When developing web applications, displaying data inputted by users directly on HTML pages is extremely risky. This is akin to opening the door wide for XSS (Cross-Site Scripting) attacks. If a malicious user submits data containing <script> tags, and this data is rendered as-is in another user's browser, session cookies can be stolen or malicious code executed.

Django provides a robust toolkit known as django.utils.html to fundamentally block such security threats and safely handle HTML. 🛡️


1. The Core of XSS Defense: escape()



This is the most basic yet essential function of this module. escape() converts specific HTML special characters within a string into HTML entities, making the browser recognize them as plain text rather than tags.

  • < becomes &lt;
  • > becomes &gt;
  • ' (single quote) becomes &#39;
  • " (double quote) becomes &quot;
  • & becomes &amp;

Example:

from django.utils.html import escape

# Malicious user input
malicious_input = "<script>alert('XSS Attack!');</script>"

# Escape processing
safe_output = escape(malicious_input)

print(safe_output)
# Output:
# &lt;script&gt;alert(&#39;XSS Attack!&#39;);&lt;/script&gt;

The converted string will not be executed as a script in the browser; instead, <script>alert('XSS Attack!');</script> will be displayed as plain text.

[Important] Automatic Escaping in Django Templates

Fortunately, the Django template engine automatically escapes all variables by default.

{{ user_input }}

Therefore, the escape() function is mainly used when manually processing HTML outside of templates (e.g., during view logic or API response generation).
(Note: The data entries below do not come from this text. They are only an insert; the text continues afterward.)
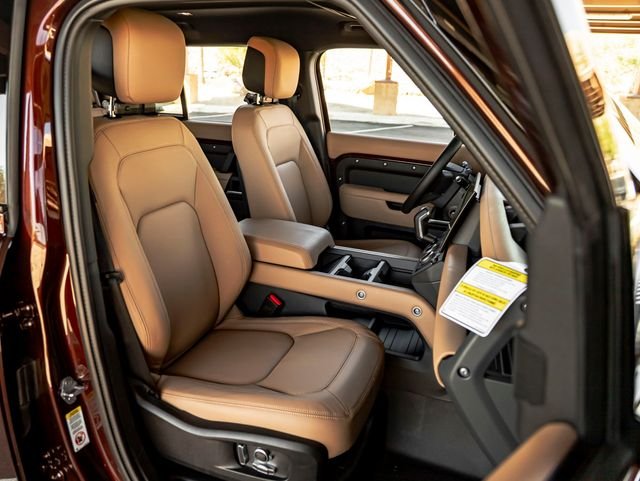 New 2026 Sedona Red Land Rover S image 30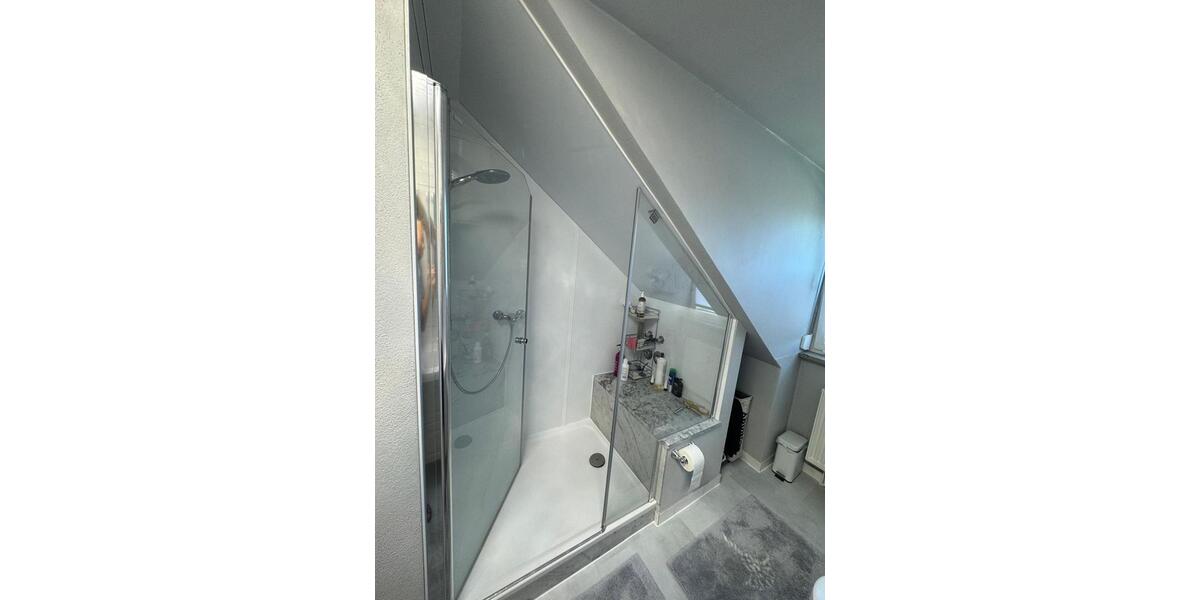 Dachgeschoßwohnung Untermeitingen - 3 Zimmer, 75 m&sup2;, 270.000&euro; | Angebot:26032031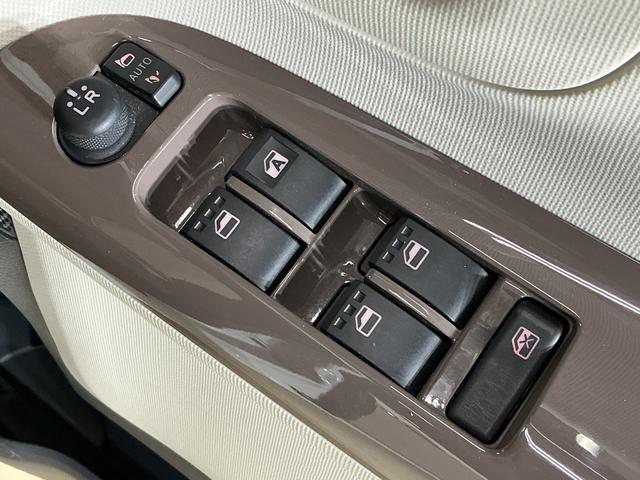 ムーヴキャンバスGメイクアップ SAII ナビ パノラマモニター ETCワンオーナー ナビ パノラマモニター ETC フルセグチューナー ブルートゥース対応 両側リヤパワースライドドア プッシュボタンエンジンスタート LEDヘッドライト オートエアコン オートライト(京都府)の中古車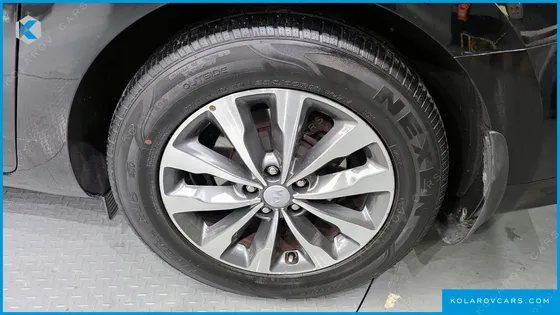 KIA CARNIVAL 9-SEATER LUXURY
2. Removing All HTML Tags: strip_tags()

Sometimes, you may want to go beyond escaping HTML and completely remove all tags to extract only pure text. For example, when you want to use the HTML tags from a blog post in a summary for search results.

strip_tags() performs this function.

Example:

from django.utils.html import strip_tags

html_content = "<p>This is a <strong>very important</strong> <em>notice</em>.</p>"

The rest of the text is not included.